Car tout ce qui est véritablement sublime a cela de propre, quand on
l'écoute, qu'il élève l’âme, et lui fait concevoir une plus haute opinion
d’elle-même, la remplissant de joie et de je ne sais quel noble orgueil,
comme si c'était elle qui eût produit les choses qu'elle vient simplement d'entendre.

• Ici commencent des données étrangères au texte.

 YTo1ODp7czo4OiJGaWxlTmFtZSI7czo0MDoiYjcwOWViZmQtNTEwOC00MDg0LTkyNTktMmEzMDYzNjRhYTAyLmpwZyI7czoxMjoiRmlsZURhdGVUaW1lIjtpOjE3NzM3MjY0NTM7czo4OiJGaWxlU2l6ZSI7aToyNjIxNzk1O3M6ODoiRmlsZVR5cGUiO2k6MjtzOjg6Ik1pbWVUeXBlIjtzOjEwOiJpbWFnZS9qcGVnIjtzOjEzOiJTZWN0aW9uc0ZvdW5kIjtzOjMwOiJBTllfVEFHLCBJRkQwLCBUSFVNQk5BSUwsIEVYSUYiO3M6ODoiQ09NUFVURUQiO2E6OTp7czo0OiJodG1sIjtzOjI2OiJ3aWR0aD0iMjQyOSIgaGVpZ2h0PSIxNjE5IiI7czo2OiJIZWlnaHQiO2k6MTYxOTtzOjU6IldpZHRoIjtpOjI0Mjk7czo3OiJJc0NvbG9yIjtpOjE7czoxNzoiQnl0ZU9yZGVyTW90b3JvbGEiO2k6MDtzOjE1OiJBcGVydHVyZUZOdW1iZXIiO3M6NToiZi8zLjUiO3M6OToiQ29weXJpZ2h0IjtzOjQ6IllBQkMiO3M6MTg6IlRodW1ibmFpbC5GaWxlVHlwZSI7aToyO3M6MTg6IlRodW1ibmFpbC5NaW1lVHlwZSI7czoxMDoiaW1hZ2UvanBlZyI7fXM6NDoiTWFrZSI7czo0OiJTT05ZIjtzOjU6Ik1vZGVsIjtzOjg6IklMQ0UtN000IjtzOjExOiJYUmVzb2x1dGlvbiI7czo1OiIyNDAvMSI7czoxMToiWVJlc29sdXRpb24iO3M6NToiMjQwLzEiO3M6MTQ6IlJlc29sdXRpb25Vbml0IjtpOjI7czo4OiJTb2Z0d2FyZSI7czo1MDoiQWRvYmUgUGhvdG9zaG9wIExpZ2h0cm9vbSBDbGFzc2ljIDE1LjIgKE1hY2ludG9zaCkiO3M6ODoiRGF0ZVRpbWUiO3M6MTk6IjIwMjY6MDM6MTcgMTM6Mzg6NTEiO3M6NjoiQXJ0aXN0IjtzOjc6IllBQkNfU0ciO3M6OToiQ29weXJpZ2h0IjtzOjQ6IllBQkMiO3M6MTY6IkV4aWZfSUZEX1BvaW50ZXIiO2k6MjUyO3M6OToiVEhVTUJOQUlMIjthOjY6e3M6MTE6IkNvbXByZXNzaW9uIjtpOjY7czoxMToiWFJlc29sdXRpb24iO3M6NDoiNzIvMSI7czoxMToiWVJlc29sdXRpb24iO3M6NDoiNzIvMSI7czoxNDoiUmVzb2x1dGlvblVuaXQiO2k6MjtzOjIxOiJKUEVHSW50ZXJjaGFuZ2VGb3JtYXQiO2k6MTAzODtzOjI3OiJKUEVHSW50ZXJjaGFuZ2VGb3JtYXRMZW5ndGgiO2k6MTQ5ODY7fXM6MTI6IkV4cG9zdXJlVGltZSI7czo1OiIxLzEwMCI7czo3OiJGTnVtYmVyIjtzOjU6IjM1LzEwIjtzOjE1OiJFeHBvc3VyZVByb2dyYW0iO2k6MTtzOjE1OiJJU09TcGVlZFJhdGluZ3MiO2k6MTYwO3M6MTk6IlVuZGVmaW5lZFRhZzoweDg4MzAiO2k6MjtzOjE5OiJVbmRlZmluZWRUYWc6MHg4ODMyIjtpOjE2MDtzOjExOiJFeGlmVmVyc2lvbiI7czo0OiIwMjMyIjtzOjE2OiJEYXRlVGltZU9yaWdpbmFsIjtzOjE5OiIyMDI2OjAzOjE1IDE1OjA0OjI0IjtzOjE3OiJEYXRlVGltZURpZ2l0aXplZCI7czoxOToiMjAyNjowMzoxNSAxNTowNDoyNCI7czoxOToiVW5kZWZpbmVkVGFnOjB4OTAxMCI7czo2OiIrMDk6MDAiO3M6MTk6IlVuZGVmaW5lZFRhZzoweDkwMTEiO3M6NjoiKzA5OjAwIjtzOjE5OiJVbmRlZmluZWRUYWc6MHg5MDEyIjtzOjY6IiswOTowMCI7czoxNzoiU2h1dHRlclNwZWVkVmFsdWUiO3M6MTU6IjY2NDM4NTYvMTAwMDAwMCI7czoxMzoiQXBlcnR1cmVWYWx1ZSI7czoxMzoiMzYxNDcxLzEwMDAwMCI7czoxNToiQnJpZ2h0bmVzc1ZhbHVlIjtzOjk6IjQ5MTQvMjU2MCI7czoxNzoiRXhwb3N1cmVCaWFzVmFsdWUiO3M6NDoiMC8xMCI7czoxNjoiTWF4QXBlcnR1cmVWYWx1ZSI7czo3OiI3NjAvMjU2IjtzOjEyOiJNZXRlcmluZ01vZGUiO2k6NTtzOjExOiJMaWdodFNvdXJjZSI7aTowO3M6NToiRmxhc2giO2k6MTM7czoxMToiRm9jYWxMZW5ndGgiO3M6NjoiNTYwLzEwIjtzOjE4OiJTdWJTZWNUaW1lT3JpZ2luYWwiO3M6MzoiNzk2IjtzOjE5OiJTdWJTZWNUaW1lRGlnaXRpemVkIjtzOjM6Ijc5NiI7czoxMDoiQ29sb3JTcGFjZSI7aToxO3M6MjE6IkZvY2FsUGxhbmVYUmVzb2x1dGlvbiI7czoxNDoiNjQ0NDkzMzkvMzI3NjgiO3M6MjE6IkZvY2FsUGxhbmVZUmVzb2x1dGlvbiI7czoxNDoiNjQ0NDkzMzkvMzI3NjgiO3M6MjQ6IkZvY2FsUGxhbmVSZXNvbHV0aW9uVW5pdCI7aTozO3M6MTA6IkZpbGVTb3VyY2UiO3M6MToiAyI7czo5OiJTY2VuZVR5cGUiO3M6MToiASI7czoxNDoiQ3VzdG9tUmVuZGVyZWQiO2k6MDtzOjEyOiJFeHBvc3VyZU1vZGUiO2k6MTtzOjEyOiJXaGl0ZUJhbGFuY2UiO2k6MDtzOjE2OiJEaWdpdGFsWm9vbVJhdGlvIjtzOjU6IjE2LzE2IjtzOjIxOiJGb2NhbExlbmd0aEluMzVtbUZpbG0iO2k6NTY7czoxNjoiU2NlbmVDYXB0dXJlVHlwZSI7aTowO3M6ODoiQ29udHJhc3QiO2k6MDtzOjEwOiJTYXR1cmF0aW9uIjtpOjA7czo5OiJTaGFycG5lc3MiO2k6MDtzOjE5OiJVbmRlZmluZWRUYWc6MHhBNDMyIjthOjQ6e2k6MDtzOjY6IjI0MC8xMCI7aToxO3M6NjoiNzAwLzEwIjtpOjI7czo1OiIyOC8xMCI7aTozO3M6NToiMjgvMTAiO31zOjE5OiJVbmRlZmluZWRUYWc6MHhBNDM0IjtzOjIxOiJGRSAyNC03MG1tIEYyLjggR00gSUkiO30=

Quand donc un homme de bon sens et habile en ces matières entendra réciter
un ouvrage, si après l’avoir ouï plusieurs fois, il ne sent point qu'il
lui élève l'âme, et lui laisse dans l’esprit une idée qui soit même au
dessus de ses paroles : mais si au contraire, en le regardant avec
attention, il trouve qu'il tombe et ne se soutienne pas, il n'y a point là
de grand : puisque enfin ce n'est qu'un son de paroles qui frappe
simplement l'oreille, et dont il ne demeure rien dans l'esprit. La marque
infaillible du sublime, c'est quand nous sentons qu'un discours nous
laisse beaucoup à penser, fait d'abord un effet sur nous auquel il est
bien difficile, pour ne pas dire impossible de résister, et qu'ensuite le
souvenir nous en dure, et ne s'efface qu'avec peine. En un mot :
figurez-vous qu'une chose est véritablement sublime, quand vous voyez
qu'elle plaît universellement et dans toutes ses parties. Car lorsqu'en un
grand nombre de personnes différentes de profession et d’âge, et qui n'ont
aucun rapport ni d'humeurs ni d'inclinations, tout le monde vient à être
frappé également de quelque endroit d'un discours ; ce jugement et cette
approbation uniforme de tant d'esprits si discordants d'ailleurs, est une
preuve certaine et indubitable qu'il y a là du merveilleux et du grand.